DATA EXCERPT -
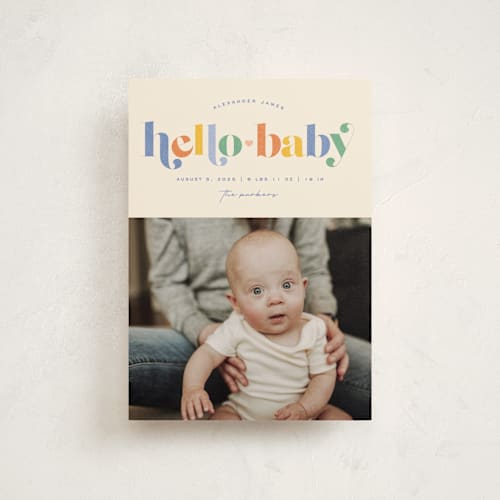 This is a bluebird birth announcement postcards with standard by Jessica Corliss called hello sweet baby printing on signature in postcard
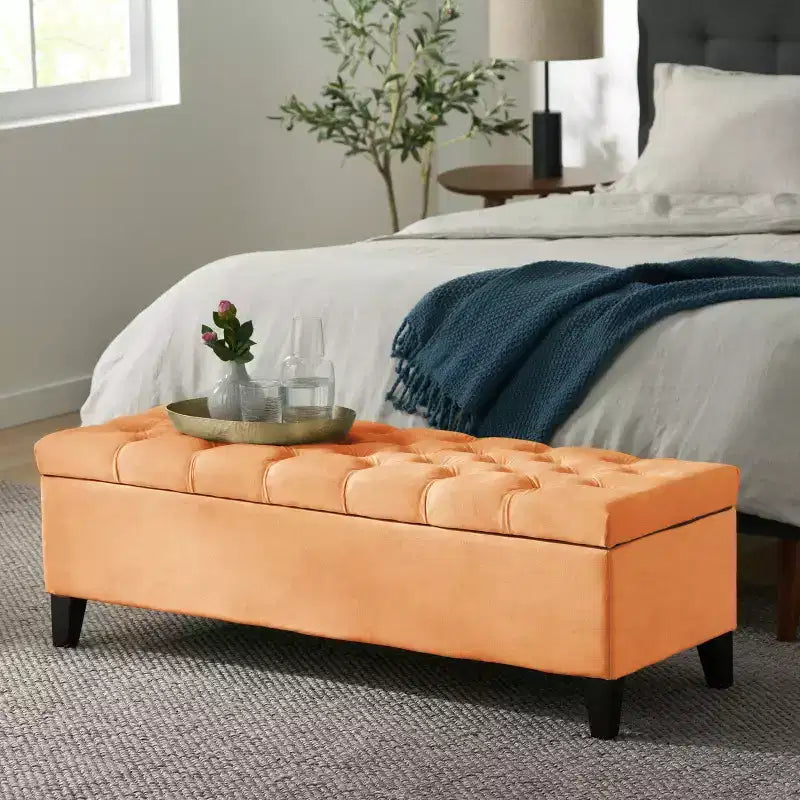 Christopher Knight Home Dana Ottoman de rangement contemporain en bois de bouleau touffeté avec boutons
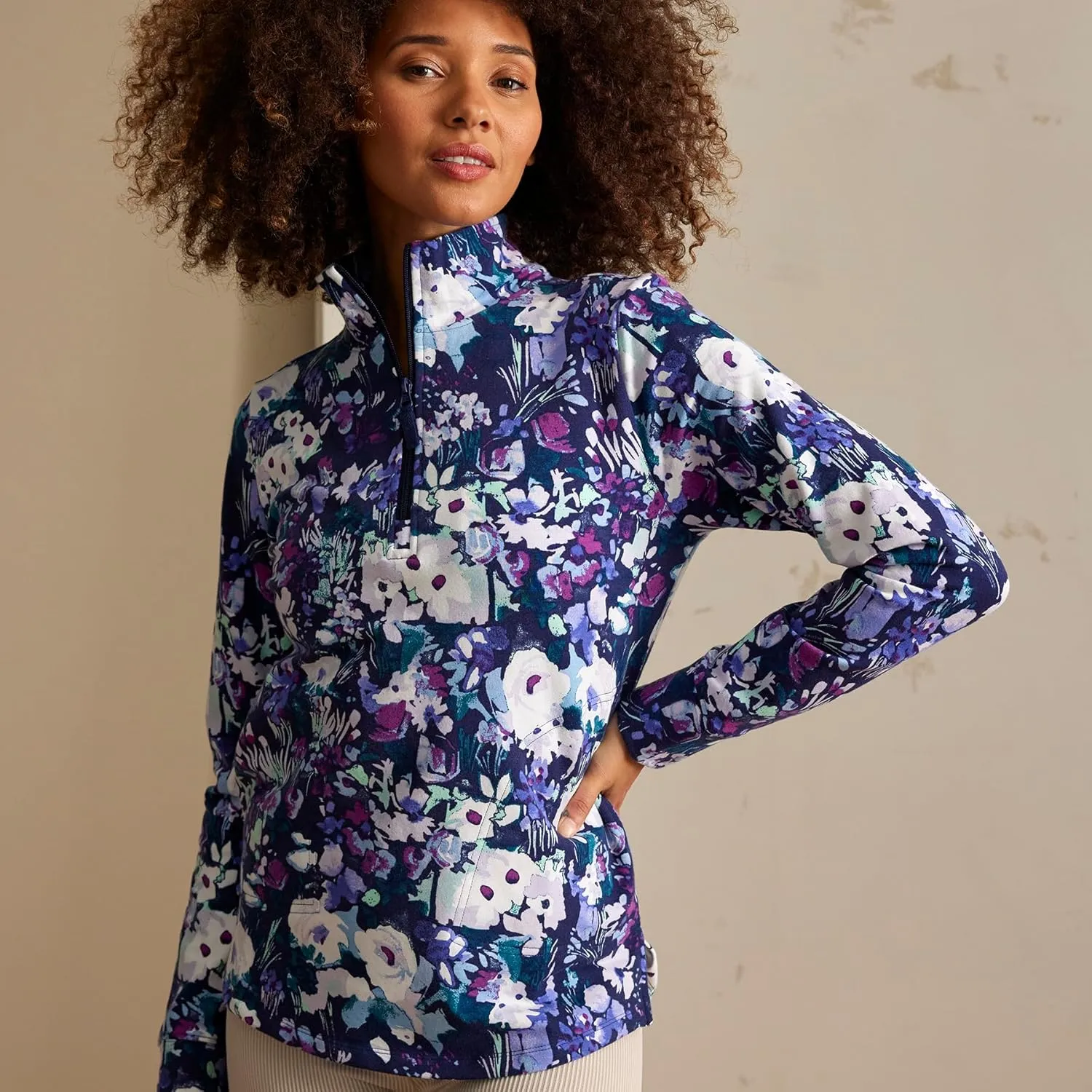 Vera Bradley Women's French Terry Quarter-Zip Sweatshirt with Pockets (Extended Size Range)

WHAT YOU SHOULD DO - From the line that contains "Christopher Knight Home" to the end of the listing, give every line again exactly as written. Leave the pictures out.

TASK RESPONSE -
 Christopher Knight Home Dana Ottoman de rangement contemporain en bois de bouleau touffeté avec boutons
 Vera Bradley Women's French Terry Quarter-Zip Sweatshirt with Pockets (Extended Size Range)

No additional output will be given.